#### WHAT TO PRODUCE
The line containing "A K Initial building logo concept - Vector" marks the end: write out exactly every line from the first line of the data below through that line, and only those.
[PROVIDED DATA Boundary: Start]
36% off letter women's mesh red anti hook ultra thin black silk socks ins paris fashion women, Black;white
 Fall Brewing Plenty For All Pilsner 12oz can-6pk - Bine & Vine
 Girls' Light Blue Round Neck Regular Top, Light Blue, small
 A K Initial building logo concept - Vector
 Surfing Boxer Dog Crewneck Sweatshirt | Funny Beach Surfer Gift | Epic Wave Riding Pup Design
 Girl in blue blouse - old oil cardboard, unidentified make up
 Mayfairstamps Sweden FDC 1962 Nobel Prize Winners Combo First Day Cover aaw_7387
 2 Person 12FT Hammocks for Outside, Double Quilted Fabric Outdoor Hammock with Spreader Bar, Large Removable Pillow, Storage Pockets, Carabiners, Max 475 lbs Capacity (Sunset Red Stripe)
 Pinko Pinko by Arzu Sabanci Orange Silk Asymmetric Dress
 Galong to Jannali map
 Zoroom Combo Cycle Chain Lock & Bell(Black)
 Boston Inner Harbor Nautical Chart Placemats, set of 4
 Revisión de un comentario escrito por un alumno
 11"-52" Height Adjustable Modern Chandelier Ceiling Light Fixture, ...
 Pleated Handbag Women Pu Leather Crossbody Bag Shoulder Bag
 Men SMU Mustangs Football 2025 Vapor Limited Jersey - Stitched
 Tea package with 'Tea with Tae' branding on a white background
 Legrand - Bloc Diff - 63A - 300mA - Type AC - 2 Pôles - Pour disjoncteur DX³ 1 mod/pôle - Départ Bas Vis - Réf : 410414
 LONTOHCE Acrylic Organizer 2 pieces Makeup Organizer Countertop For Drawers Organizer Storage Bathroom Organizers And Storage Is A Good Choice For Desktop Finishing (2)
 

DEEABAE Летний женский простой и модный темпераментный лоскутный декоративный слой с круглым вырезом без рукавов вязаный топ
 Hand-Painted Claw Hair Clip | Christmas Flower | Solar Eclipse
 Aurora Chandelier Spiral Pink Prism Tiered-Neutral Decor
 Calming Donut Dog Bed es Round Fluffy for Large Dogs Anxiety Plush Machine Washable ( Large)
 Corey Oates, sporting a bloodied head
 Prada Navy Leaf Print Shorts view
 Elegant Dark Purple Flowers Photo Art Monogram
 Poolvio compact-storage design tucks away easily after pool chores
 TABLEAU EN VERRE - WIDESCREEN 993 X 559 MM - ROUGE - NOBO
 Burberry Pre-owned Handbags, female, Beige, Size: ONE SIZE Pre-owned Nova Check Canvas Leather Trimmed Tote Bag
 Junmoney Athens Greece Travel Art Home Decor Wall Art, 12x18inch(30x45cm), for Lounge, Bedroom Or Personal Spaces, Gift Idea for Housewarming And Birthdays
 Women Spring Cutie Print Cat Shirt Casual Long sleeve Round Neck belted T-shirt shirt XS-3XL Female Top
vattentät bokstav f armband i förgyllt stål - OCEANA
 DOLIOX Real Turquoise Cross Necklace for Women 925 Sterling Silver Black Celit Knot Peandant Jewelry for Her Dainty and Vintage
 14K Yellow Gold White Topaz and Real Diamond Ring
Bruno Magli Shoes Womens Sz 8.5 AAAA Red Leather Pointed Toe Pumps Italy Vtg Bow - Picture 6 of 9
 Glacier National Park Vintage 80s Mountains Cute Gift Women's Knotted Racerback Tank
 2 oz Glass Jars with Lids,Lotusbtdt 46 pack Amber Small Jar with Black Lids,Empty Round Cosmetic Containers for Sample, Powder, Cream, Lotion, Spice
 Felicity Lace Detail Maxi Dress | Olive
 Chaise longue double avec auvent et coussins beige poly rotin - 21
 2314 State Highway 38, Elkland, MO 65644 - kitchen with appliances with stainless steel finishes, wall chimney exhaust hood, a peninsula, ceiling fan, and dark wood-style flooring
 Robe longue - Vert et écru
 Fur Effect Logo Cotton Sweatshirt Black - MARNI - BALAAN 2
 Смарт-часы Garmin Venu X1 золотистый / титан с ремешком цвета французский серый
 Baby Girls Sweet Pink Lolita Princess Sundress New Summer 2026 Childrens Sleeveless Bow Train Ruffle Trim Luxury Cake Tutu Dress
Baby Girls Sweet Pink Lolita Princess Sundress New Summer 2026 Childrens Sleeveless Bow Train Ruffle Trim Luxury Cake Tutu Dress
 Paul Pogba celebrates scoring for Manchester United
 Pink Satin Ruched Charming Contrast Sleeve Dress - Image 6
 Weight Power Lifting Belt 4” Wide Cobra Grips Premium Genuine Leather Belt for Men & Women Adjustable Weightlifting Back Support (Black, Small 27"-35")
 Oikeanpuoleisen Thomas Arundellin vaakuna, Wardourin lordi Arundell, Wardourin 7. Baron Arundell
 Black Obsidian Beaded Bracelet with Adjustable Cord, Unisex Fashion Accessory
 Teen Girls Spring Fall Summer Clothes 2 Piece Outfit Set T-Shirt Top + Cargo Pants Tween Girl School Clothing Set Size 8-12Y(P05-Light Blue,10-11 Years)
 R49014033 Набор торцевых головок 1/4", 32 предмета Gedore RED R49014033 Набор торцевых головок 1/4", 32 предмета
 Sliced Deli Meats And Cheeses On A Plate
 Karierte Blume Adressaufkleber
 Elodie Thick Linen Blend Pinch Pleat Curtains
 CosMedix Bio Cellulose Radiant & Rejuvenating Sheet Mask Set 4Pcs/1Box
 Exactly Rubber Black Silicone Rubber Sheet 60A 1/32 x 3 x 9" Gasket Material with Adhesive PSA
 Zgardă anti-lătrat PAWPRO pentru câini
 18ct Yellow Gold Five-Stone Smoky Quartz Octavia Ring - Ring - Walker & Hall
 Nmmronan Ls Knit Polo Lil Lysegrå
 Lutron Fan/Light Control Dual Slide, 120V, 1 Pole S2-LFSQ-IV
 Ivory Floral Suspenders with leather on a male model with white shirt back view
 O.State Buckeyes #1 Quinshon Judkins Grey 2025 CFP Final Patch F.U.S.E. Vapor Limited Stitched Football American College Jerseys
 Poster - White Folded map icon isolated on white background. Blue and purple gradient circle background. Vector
[PROVIDED DATA Boundary: End]
#### OUTPUT BELOW
36% off letter women's mesh red anti hook ultra thin black silk socks ins paris fashion women, Black;white
 Fall Brewing Plenty For All Pilsner 12oz can-6pk - Bine & Vine
 Girls' Light Blue Round Neck Regular Top, Light Blue, small
 A K Initial building logo concept - Vector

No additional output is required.